The top-notch cast, headed by Academy Award winner Burt Lancaster, Robert Ryan,and Will Greer as the conspirators, is seasoned with many familiar character actors populating the supporting roles. Producer Edward Lewis was no slouch either, having produced the volatile political thriller "Seven Days in May" with Burt Lancaster and Kirk Douglas, but the clincher is that former blacklisted Hollywood 10 scenarist Dalton Trumbo penned the script. Initially, Trumbo said that he did not believe in a conspiracy, but after he read several books on the assassination as well as the Warren Commission Report, he changed his opinion. No, "Executive Action" is not a conventional assassination thriller. Everything about it is pretty straightforward and suspense is lacking, but the audacious subject matter compensates for these departures from the norm. After all, we know that the assassins didn't miss and Kennedy died. Essentially, this is a clevely edited, quasi-documentary with a superb cast. Nevertheless, "Executive Action" did not stir up the controversy that the sensational Oliver Stone movie "JFK" with Kevin Costner generated many years later. Nonetheless, in light of everything, "Executive Action" constituted a bold move and there hasn't been a film comparable to it. Producer Edward Lewis claims that threats were made against him in an effort to dissuade him from making the picture. This was actor Robert Ryan's final film appearance. Randy Edelman wrote the haunting theme music. The film ends with the observation that an inordinate number of eye witnesses to the assassination died afterward of unusual causes. I remember seeing this movie when it came out originally in theaters.

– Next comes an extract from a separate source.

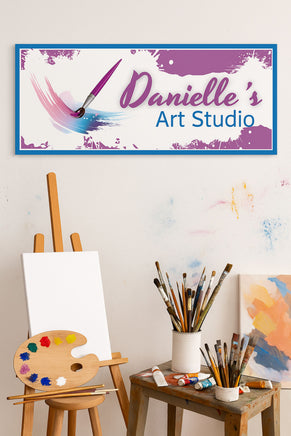 personalized art studio sign displayed above easel and paintbrushes in creative workspace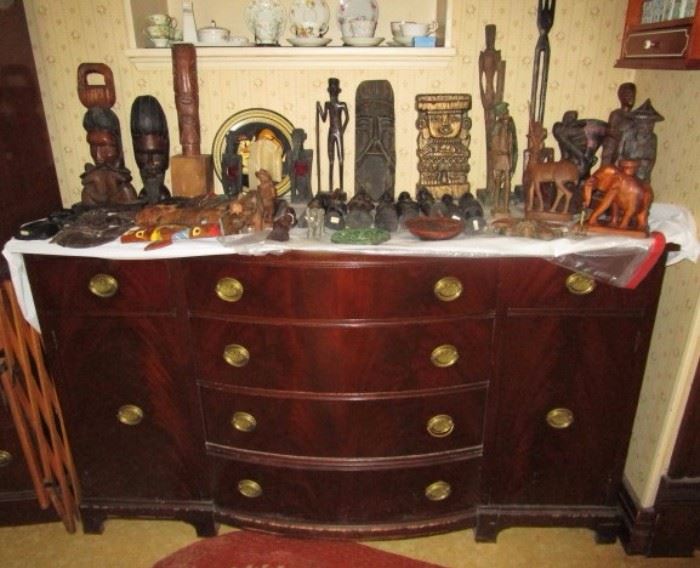 Mahogany buffet, large collection of hand carved wooden figures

Wednesday, November 26, 2008

FILM REVIEW OF ''ENEMY AT THE GATES'' (2001)

Watching "Quest for Fire" director Jean-Jacques Annaud's World War II spectacle "Enemy at the Gates" reminded me of the "Sgt. Rock" comic books that I used to peruse as an adolescent when I was growing up in Mississippi during the Cold War years of the 1960s. Those fiendishly duplicitous Nazis in "Sgt Rock" always set up ingenious ambushes, concealing themselves in places where the unsuspecting American G.I.s would least expect to spot them, such as either disabled tanks or the rubble of fallen buildings. "Enemy at the Gates" keeps that Nazi skullduggery intact. Although French director Annaud, whose credits include "Seven Years in Tibet" and "In the Name of the Rose," condemns the Nazi, he goes to heavy-handed lengths near the end to rekindle our antipathy to National Socialism. You'll know the scene when you see it. I hate movie critics would give away too much of a movie plot.

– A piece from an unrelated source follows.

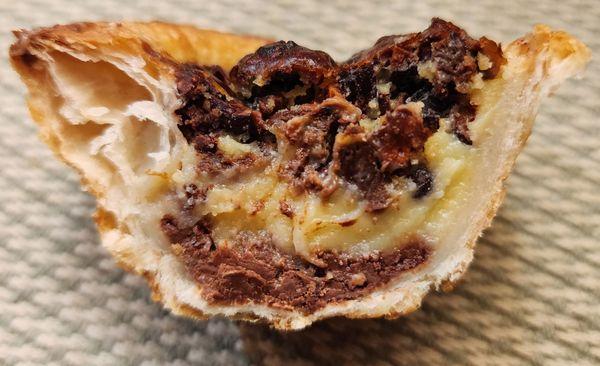 Cross section of the Chocolate Cocoa Nibs pasteis de nata (3/26/24)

Anyway, the aristocratic Nazi Major Konig (Ed Harris of "Stepmom") dispatched to kill our heroic Red Army sniper disguises a department store mannequin in a gray Wehrmacht uniform with a rifle. Talk about symbolism!? Weren't the Wehrmacht supposed to be the good guys, and the Nazis the evil villains? Although this large-scale, $80 million, World War II epic glorifies the marksmanship of real-life Russian sniper Vassili Zaitsev (Jude Law of "Cold Mountain") who bagged 300 Germans, Annaud condemns the Soviet ideology that Vassili defended. At the same time, no matter how magnificent the set design, costume design, and overall production of the film remains, "Enemy at the Gates" is painfully predictable, though far better than its American counterpart "Saving Private Ryan." Indeed, while both films feature snipers, "Enemy" achieves far greater realism and far less sentimental loquacity than Steven Spielberg's highly-overrated D-Day saga. Nevertheless, "Saving Private Ryan" and "Enemy at the Gates" both celebrate the supremacy of the individual.

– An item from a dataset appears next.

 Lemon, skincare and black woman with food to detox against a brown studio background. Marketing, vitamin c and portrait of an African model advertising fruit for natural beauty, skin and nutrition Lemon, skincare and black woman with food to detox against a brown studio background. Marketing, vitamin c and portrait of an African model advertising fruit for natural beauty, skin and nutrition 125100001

Anybody that marches into "Enemy at the Gates" with the impression that the Nazis will triumph is hopelessly naïve, so Annaud's cinematic strategy of making this movie into a cat-and-mouse duel between sympathetic snipers falters in the last half-hour when the Nazi foe unveils his murderous colors. Ultimately, "Enemy" shares more in common ideologically with director Howard Hawk's patriotic 1941 film biography about World War I Tennessee sharpshooter Alvin York in "Sergeant York." York captured hundreds of German troops single-handedly by using his sniping skills in World War I. Warner Brothers produced "Sergeant York" during the tumultuous days of 1941 to drum up patriotism among Americans and give them somebody to emulate. Similarly, Vassili rise to prominence as a Red Army war hero occurs when a young Communist political officer Danilov (Joseph Fiennes of "Elizabeth" and "Shakespeare in Love") suggests the way to inspire morale during among the infantry is to reinvent Vassili Zaitsev as a hero for the army to worship. One of the problems about being a film critic and film lover is that you spot some things that nobody else would care about, like Danilov's "Battleship Potemkin" eyewear. Real cute, Jean-Jacques.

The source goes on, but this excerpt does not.